A redução excessiva dos requisitos de reporte ou de diligência pode ainda “abrir uma porta para práticas de greenwashing”, explica Cláudia Martins, da Macedo Vitorino, caso as empresas cumpram apenas formalmente as suas obrigações, sem que ocorra uma mudança substancial nas suas práticas. Quanto à CSDDD em particular, enfraquecê-la, limitando sua aplicação a grandes empresas ou retirando a responsabilidade legal sobre impactos ambientais e sociais, “pode comprometer os objetivos da legislação e criar desigualdade competitiva no mercado”, alerta Nuno Fernandes.
“Flexibilizar em excesso pode minar a credibilidade da transição verde, afastando investidores e deixando empresas europeias em desvantagem no cenário global. Simplificar não pode significar retroceder”, vinca o managing partner da Odgers Berndtson Board Solutions, Nuno Fernandes. “Os investidores querem previsibilidade e normas claras. Se a UE flexibilizar demais, pode gerar desconfiança e afastar capital sustentável. No entanto, uma simplificação equilibrada pode tornar o mercado europeu mais atrativo, facilitando a alocação de recursos para empresas sustentáveis sem excessos burocráticos”, contrabalança Paulo Rosa.
"Os investidores querem previsibilidade e normas claras. Se a UE flexibilizar demais, pode gerar desconfiança e afastar capital sustentável.”
Mesmo a questão do adiamento de prazos pode levantar problemas. Cláudia Coelho indica que “alterações significativas” neste âmbito, ou mesmo no grupo de empresas abrangidas, “podem ser negativas e colocar em causa os objetivos da legislação, diminuindo a urgência e o foco na ação e enfraquecendo a resposta global”. Outra iniciativa negativa seria a redução ou eliminação das regras que responsabilizam as empresas em caso de incumprimento, acrescenta Angela Lucas.
"Esta simplificação, embora desejável, ocorre num momento em que as empresas que investiram para se adaptarem e cumprirem as exigências legislativas são prejudicadas face às que arriscaram menos.”
As consequências, contudo, não passam apenas pelo possível abalo dos objetivos da legislação: as próprias empresas também podem sofrer.
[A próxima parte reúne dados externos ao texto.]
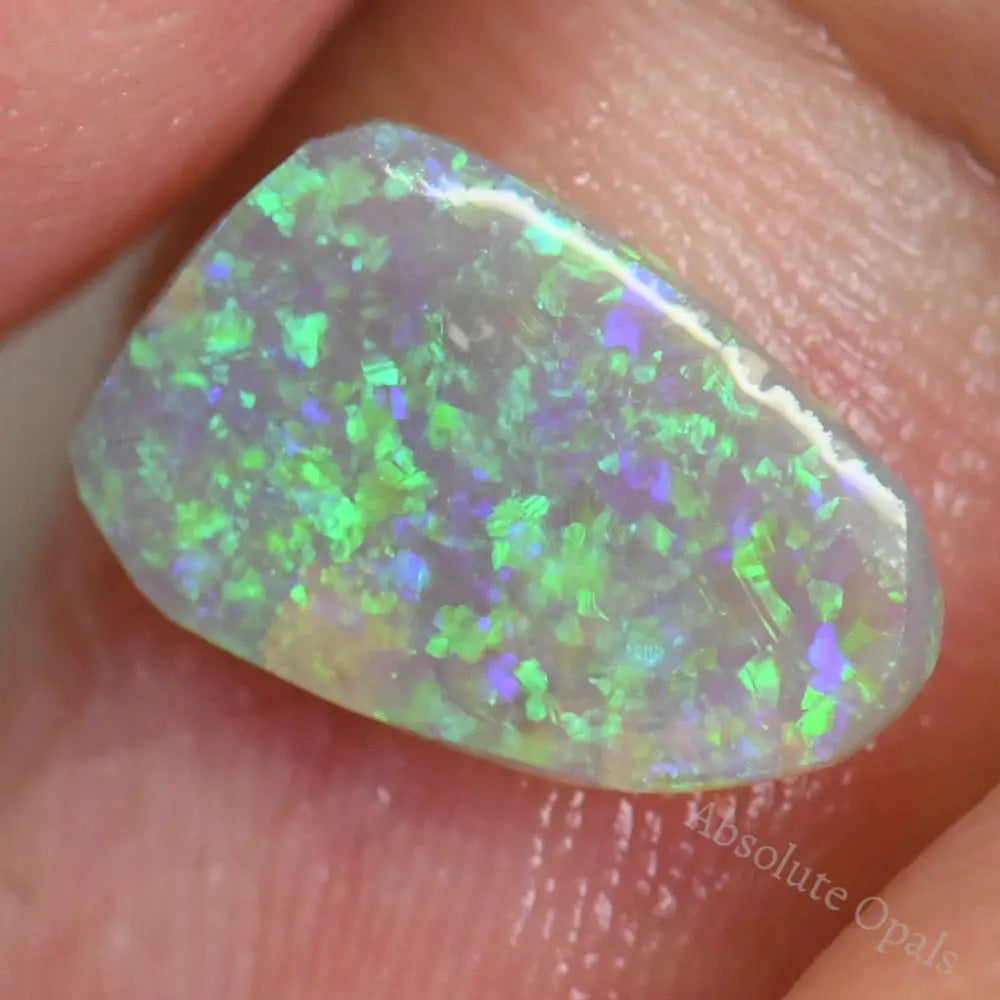 Australian Single Rough Opal, Rub Lightning Ridge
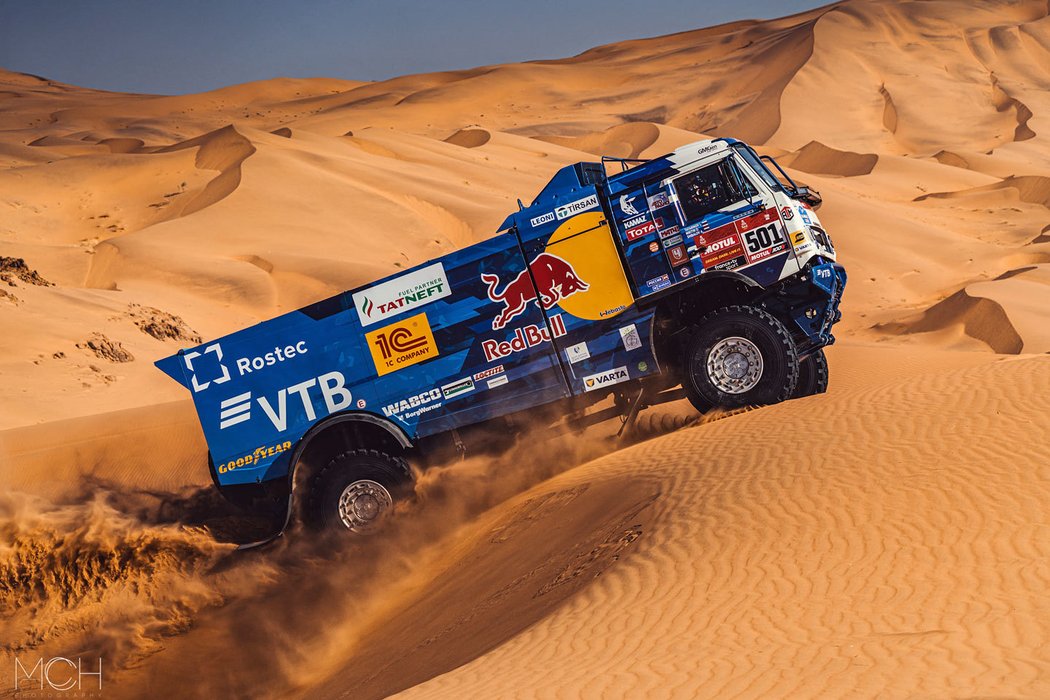 Rallye Dakar 2021 objektivem Mariana Chytky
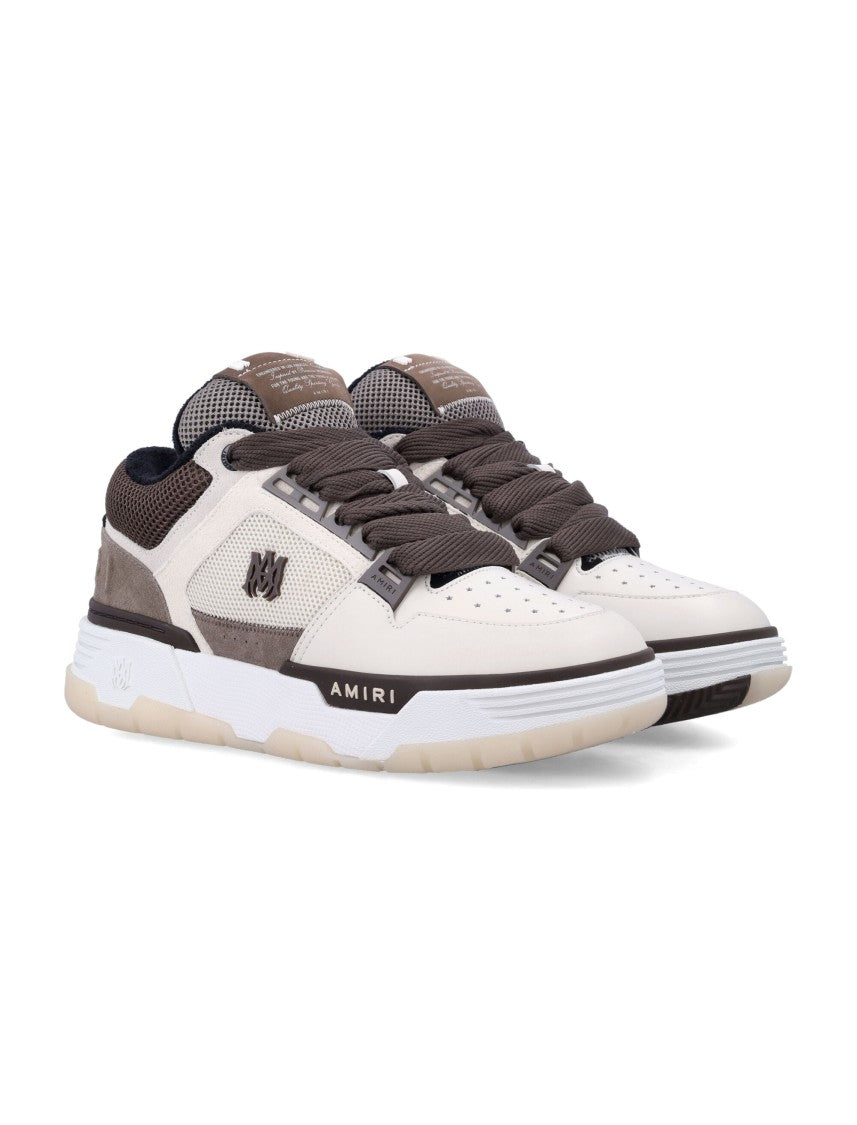 Amiri Ma-1 Leather Mesh Sneakers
Os principais riscos, na ótica da Macedo Vitorino, são a criação de insegurança jurídica e instabilidade regulatória, quando se tenta “parar um comboio já em marcha”. “Esta simplificação, embora desejável, ocorre num momento em que as empresas que investiram para se adaptarem e cumprirem as exigências legislativas são prejudicadas face às que arriscaram menos”, assinala a SRS Legal. Assim, pode ser afetada a “competitividade entre os bons e os maus alunos”, conclui Carla Neves Matias. Para Angela Lucas, as empresas “mais descuidadas, relapsas ou mesmo incumpridoras”, veem-se agora beneficiadas pelo volte-face da lei. A reabertura do debate pode desincentivar algumas empresas de começarem ou continuarem o caminho da transição sustentável, alerta ainda Perestrelo.